_Provided entries_:
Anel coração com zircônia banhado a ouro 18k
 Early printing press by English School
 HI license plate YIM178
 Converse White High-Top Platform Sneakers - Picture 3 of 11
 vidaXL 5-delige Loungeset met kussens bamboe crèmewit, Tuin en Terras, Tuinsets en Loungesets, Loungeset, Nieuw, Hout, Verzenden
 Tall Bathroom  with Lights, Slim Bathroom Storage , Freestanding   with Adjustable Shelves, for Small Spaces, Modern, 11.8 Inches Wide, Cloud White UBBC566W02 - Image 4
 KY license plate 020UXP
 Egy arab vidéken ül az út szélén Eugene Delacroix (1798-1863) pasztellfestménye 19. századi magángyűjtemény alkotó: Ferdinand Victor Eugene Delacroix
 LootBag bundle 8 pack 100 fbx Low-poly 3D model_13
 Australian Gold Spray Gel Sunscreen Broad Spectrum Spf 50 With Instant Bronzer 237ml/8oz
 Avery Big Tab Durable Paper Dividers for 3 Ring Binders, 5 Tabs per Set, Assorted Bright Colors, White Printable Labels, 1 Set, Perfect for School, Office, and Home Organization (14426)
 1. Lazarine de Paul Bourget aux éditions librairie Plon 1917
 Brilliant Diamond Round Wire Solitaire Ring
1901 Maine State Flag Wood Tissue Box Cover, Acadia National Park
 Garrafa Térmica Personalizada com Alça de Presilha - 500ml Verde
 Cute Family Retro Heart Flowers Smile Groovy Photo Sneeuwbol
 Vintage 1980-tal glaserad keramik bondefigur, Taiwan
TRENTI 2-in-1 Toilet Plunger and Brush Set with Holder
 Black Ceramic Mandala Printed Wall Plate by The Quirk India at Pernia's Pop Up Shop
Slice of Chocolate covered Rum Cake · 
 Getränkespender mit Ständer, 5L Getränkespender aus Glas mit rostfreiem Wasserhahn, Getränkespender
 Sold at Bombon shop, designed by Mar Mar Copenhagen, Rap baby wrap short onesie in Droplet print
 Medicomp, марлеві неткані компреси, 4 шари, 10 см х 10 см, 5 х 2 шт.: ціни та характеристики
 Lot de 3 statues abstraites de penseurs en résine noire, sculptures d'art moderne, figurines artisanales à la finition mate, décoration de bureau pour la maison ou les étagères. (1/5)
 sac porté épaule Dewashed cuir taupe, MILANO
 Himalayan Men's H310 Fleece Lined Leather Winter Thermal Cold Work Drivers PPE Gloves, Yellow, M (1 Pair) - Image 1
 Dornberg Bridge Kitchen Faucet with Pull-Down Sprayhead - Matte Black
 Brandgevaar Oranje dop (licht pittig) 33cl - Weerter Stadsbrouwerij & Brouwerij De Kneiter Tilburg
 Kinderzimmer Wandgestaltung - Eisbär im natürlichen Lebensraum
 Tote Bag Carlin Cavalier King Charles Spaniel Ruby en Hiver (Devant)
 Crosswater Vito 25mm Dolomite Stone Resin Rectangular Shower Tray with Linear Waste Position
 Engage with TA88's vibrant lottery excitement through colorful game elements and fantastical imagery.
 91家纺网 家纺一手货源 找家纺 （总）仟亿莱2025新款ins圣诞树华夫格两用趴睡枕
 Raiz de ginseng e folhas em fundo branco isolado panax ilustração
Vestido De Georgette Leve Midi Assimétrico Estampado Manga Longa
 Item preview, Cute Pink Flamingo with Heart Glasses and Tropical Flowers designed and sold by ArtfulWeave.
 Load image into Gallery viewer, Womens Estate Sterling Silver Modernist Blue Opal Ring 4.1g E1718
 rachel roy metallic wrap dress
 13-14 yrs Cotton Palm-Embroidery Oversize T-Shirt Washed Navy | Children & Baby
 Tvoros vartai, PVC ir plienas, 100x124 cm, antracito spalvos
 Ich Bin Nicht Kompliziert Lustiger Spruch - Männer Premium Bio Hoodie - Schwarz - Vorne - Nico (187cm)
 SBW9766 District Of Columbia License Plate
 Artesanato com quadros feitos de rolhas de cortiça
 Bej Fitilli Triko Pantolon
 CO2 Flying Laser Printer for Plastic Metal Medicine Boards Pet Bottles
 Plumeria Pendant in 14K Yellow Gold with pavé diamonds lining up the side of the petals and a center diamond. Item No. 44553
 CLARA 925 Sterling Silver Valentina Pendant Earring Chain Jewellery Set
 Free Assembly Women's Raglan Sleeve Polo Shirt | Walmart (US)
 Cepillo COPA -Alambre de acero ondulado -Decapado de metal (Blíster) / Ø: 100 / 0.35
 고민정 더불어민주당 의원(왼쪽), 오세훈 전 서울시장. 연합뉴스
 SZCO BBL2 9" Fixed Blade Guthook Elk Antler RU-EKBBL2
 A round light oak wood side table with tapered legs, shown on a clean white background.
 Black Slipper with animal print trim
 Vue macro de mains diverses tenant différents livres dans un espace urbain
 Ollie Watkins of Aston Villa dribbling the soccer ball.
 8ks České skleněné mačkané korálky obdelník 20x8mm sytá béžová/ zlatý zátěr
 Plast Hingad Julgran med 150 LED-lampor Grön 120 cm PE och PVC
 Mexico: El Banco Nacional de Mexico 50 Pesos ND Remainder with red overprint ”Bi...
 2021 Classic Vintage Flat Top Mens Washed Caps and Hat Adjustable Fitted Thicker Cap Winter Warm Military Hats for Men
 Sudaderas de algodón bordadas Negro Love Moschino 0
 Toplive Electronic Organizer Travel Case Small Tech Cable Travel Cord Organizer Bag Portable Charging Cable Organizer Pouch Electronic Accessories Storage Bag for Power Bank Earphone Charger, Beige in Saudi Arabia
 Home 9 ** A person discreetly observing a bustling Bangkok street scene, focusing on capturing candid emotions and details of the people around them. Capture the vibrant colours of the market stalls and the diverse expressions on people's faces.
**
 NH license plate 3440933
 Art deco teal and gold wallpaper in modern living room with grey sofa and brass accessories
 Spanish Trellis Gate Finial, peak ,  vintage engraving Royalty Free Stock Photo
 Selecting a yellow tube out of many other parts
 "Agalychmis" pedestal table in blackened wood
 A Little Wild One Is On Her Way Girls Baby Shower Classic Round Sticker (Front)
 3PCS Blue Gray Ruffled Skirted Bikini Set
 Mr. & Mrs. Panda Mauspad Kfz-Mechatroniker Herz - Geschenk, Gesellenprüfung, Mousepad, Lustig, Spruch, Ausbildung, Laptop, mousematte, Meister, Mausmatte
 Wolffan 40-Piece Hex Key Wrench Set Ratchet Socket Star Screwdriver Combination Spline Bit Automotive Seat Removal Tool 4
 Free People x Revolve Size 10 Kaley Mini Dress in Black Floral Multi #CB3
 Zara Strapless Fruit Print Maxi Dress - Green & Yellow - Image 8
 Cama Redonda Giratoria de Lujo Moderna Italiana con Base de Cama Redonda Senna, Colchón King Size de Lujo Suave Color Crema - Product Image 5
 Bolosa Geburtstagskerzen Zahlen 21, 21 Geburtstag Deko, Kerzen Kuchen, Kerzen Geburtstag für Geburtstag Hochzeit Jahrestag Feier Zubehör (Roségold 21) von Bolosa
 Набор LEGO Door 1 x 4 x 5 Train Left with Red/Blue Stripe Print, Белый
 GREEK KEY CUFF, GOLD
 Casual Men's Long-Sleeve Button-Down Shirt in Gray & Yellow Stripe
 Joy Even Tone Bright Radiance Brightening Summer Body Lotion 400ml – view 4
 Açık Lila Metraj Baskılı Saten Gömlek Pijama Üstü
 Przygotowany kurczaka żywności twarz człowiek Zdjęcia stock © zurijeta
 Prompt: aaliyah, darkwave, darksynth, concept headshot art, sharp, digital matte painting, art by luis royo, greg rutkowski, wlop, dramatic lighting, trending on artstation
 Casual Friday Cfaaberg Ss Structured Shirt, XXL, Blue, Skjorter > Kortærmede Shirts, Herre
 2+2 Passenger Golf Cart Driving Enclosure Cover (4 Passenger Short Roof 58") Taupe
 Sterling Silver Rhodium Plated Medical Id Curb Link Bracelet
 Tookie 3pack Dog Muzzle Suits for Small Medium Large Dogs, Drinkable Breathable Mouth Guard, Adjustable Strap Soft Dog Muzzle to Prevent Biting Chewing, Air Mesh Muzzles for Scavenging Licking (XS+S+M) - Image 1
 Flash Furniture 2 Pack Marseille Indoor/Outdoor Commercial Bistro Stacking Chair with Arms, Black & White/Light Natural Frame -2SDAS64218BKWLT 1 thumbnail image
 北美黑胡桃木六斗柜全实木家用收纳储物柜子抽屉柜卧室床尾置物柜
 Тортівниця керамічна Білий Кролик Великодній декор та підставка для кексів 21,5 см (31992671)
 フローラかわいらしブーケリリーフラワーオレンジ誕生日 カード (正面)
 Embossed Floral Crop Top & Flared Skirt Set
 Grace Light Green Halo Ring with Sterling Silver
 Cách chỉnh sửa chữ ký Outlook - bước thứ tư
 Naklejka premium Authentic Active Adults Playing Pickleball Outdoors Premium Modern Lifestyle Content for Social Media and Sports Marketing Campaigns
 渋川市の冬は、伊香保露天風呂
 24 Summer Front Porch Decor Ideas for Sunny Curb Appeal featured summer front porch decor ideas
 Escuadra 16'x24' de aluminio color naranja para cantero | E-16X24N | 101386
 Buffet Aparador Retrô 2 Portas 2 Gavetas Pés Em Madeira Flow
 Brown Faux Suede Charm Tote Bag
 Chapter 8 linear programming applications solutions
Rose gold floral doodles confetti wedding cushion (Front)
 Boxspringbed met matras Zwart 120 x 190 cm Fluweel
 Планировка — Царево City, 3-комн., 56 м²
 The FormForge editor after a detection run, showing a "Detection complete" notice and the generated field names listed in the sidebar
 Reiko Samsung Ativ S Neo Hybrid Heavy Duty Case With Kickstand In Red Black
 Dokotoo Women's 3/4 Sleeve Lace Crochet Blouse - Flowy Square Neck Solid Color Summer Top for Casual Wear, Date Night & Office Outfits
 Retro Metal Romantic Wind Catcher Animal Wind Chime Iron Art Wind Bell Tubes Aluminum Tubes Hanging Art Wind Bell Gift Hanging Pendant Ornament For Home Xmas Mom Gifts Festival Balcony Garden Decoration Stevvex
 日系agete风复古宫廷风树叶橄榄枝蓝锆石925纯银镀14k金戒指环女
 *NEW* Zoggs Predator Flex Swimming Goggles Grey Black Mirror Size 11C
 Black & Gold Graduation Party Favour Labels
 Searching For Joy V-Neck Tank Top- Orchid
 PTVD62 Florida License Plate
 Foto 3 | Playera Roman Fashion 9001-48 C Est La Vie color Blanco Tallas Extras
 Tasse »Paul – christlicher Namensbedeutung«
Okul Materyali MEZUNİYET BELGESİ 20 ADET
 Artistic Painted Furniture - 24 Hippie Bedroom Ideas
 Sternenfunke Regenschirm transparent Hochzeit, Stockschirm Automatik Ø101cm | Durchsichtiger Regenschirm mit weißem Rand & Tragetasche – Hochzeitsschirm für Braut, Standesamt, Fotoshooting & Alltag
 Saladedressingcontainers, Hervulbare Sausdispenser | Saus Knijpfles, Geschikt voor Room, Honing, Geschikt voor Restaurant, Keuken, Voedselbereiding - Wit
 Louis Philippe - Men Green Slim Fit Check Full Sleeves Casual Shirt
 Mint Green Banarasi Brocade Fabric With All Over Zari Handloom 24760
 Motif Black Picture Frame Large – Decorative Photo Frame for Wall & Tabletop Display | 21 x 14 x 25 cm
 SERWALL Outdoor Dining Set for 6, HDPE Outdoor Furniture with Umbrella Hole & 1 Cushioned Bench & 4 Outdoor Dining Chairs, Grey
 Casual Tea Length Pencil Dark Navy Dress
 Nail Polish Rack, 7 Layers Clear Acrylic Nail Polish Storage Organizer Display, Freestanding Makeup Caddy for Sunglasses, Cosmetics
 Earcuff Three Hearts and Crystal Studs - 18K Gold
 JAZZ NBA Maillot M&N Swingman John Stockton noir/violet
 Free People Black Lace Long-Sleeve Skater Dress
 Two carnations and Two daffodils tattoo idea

_Task directions_: Start at the first line of the entries above. Set down each line exactly through the one with "1. Lazarine de", and stop there.

_Solved exercise_:
Anel coração com zircônia banhado a ouro 18k
 Early printing press by English School
 HI license plate YIM178
 Converse White High-Top Platform Sneakers - Picture 3 of 11
 vidaXL 5-delige Loungeset met kussens bamboe crèmewit, Tuin en Terras, Tuinsets en Loungesets, Loungeset, Nieuw, Hout, Verzenden
 Tall Bathroom  with Lights, Slim Bathroom Storage , Freestanding   with Adjustable Shelves, for Small Spaces, Modern, 11.8 Inches Wide, Cloud White UBBC566W02 - Image 4
 KY license plate 020UXP
 Egy arab vidéken ül az út szélén Eugene Delacroix (1798-1863) pasztellfestménye 19. századi magángyűjtemény alkotó: Ferdinand Victor Eugene Delacroix
 LootBag bundle 8 pack 100 fbx Low-poly 3D model_13
 Australian Gold Spray Gel Sunscreen Broad Spectrum Spf 50 With Instant Bronzer 237ml/8oz
 Avery Big Tab Durable Paper Dividers for 3 Ring Binders, 5 Tabs per Set, Assorted Bright Colors, White Printable Labels, 1 Set, Perfect for School, Office, and Home Organization (14426)
 1. Lazarine de Paul Bourget aux éditions librairie Plon 1917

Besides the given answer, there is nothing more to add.